Print nothing but the lines below starting at the line that holds "Heavy Duty Soup Bowls with Lids" and ending at the line that holds "Classic Home - Troy", including both, each exactly as written.

Records from a collection
====
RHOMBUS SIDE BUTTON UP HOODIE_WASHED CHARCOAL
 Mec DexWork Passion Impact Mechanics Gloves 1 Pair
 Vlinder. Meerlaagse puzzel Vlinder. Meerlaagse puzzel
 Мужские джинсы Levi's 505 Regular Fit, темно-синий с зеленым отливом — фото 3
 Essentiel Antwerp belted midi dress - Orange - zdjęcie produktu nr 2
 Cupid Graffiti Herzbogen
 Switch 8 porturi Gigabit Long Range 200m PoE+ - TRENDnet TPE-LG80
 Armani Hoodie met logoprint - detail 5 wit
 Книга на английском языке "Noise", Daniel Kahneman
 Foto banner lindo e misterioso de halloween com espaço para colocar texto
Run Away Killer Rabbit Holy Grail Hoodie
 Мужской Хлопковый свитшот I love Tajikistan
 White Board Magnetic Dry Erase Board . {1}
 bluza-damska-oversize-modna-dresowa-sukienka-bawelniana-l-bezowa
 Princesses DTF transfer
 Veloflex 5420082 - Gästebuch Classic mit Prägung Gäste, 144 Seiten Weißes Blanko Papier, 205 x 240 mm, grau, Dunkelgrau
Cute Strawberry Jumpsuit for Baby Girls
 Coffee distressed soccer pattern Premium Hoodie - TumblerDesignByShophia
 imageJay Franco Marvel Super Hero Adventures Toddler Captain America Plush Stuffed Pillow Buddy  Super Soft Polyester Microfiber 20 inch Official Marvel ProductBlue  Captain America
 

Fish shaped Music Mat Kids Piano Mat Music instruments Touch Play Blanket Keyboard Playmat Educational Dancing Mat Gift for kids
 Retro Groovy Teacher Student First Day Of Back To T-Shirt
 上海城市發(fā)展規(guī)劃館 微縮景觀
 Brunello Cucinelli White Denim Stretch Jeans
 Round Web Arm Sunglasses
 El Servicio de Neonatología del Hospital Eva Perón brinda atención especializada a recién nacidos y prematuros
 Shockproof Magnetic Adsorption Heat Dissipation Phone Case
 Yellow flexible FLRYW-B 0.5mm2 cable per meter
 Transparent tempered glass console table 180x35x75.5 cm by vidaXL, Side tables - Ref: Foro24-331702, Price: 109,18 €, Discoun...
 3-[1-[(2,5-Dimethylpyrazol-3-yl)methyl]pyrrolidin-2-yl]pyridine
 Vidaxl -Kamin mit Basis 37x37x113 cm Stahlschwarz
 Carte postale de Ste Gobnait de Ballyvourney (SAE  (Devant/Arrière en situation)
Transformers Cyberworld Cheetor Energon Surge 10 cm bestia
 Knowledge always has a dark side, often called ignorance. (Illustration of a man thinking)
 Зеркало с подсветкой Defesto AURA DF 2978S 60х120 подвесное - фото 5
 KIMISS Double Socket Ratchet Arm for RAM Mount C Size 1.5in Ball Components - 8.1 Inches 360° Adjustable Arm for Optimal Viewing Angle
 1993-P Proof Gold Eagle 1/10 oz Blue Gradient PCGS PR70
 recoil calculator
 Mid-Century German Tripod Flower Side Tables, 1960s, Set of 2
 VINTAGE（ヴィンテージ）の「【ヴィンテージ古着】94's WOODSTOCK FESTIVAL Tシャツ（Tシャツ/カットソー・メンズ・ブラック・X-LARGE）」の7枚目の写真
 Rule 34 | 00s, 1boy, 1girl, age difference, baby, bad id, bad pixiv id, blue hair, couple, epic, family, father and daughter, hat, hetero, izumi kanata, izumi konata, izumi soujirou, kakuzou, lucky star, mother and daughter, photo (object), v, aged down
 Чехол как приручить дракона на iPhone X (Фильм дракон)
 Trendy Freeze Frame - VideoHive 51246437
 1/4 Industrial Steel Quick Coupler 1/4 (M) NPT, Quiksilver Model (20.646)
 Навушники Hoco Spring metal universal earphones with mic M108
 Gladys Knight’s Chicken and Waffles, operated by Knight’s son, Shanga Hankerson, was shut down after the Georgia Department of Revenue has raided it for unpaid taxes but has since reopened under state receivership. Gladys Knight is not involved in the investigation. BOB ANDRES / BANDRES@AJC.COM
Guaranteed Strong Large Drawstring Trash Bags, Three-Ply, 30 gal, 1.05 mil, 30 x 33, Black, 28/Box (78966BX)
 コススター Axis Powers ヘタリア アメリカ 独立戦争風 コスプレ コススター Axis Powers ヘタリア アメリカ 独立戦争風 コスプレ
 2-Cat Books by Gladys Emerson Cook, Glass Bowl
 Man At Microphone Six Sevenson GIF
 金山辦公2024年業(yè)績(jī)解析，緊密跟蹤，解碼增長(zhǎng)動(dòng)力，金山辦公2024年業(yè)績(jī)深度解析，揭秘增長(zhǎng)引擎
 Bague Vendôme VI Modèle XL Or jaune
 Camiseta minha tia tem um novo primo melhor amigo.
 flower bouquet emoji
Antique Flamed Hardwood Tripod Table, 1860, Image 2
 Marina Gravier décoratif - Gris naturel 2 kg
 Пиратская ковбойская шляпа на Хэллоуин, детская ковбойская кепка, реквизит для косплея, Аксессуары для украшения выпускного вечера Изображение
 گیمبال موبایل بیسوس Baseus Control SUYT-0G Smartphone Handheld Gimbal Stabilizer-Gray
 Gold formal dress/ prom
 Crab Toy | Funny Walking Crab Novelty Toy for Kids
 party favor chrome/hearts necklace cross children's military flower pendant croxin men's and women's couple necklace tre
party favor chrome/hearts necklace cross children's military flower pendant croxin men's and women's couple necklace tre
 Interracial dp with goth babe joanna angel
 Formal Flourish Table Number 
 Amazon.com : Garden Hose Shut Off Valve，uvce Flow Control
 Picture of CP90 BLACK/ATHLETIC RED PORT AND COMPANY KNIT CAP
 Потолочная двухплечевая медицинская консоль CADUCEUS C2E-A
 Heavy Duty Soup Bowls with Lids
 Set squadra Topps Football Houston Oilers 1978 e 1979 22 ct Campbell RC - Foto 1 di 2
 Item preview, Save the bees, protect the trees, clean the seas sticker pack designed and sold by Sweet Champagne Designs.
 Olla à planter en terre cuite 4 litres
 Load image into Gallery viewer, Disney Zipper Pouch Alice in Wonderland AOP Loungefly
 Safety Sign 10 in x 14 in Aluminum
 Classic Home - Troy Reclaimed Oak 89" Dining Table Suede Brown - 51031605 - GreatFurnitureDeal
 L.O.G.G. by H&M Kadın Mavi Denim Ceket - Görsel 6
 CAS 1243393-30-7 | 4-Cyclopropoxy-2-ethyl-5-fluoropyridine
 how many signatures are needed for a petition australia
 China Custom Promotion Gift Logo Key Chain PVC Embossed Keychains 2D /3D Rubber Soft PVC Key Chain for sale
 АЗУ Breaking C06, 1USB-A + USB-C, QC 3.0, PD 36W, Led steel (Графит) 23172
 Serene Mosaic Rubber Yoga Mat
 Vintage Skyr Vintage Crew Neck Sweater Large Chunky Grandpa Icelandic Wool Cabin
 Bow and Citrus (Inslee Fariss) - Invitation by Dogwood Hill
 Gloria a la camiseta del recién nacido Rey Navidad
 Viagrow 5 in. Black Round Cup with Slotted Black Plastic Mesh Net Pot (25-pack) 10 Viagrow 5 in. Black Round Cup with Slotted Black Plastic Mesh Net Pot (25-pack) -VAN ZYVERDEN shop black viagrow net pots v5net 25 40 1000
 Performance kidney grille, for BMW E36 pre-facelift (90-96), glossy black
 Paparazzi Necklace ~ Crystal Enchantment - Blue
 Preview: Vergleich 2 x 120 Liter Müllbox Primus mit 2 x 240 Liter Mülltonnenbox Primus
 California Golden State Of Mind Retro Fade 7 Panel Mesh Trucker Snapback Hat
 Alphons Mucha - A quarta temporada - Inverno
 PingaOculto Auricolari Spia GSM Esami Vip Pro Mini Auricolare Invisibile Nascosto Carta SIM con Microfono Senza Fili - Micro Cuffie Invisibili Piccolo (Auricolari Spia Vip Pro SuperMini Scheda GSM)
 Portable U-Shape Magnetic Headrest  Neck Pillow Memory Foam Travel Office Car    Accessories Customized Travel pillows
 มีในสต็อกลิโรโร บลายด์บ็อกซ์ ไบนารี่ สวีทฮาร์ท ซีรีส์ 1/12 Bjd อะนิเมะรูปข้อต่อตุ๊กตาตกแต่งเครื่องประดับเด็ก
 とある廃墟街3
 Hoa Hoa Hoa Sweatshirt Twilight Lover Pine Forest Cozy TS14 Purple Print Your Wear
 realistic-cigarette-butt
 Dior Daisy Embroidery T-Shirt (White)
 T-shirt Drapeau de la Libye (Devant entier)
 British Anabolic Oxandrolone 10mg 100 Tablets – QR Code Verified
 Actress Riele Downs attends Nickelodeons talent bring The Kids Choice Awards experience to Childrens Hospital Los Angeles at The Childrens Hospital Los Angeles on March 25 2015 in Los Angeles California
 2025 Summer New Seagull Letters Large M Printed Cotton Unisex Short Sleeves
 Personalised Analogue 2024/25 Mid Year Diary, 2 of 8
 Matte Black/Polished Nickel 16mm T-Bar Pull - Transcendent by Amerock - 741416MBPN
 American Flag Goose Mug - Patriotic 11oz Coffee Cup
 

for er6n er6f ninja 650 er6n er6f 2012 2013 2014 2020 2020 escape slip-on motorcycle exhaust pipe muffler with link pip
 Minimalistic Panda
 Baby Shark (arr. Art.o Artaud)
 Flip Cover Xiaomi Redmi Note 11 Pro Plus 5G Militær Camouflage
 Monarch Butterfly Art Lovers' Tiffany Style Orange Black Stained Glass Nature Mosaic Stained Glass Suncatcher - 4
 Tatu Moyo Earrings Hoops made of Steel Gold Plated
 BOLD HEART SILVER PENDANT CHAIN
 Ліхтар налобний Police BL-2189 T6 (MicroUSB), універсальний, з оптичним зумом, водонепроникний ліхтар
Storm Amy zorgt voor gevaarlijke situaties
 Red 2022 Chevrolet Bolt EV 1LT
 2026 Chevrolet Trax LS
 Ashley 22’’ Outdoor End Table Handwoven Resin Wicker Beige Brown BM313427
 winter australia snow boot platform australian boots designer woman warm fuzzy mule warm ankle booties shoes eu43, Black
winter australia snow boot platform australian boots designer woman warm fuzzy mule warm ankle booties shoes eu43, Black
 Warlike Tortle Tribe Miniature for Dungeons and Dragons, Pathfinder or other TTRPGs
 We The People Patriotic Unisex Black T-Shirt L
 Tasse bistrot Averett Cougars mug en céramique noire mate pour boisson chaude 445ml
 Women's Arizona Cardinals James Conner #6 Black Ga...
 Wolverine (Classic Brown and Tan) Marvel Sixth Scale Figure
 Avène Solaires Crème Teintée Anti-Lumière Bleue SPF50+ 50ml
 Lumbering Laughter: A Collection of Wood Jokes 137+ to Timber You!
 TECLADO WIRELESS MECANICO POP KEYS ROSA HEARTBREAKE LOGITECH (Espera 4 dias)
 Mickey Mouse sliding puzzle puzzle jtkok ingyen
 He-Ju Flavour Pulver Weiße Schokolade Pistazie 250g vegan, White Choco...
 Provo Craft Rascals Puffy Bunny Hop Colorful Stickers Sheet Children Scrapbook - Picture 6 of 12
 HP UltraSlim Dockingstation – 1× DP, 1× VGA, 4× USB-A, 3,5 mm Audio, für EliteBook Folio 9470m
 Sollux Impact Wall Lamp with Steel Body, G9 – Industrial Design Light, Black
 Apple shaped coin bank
====
**Solution**
 Heavy Duty Soup Bowls with Lids
 Set squadra Topps Football Houston Oilers 1978 e 1979 22 ct Campbell RC - Foto 1 di 2
 Item preview, Save the bees, protect the trees, clean the seas sticker pack designed and sold by Sweet Champagne Designs.
 Olla à planter en terre cuite 4 litres
 Load image into Gallery viewer, Disney Zipper Pouch Alice in Wonderland AOP Loungefly
 Safety Sign 10 in x 14 in Aluminum
 Classic Home - Troy Reclaimed Oak 89" Dining Table Suede Brown - 51031605 - GreatFurnitureDeal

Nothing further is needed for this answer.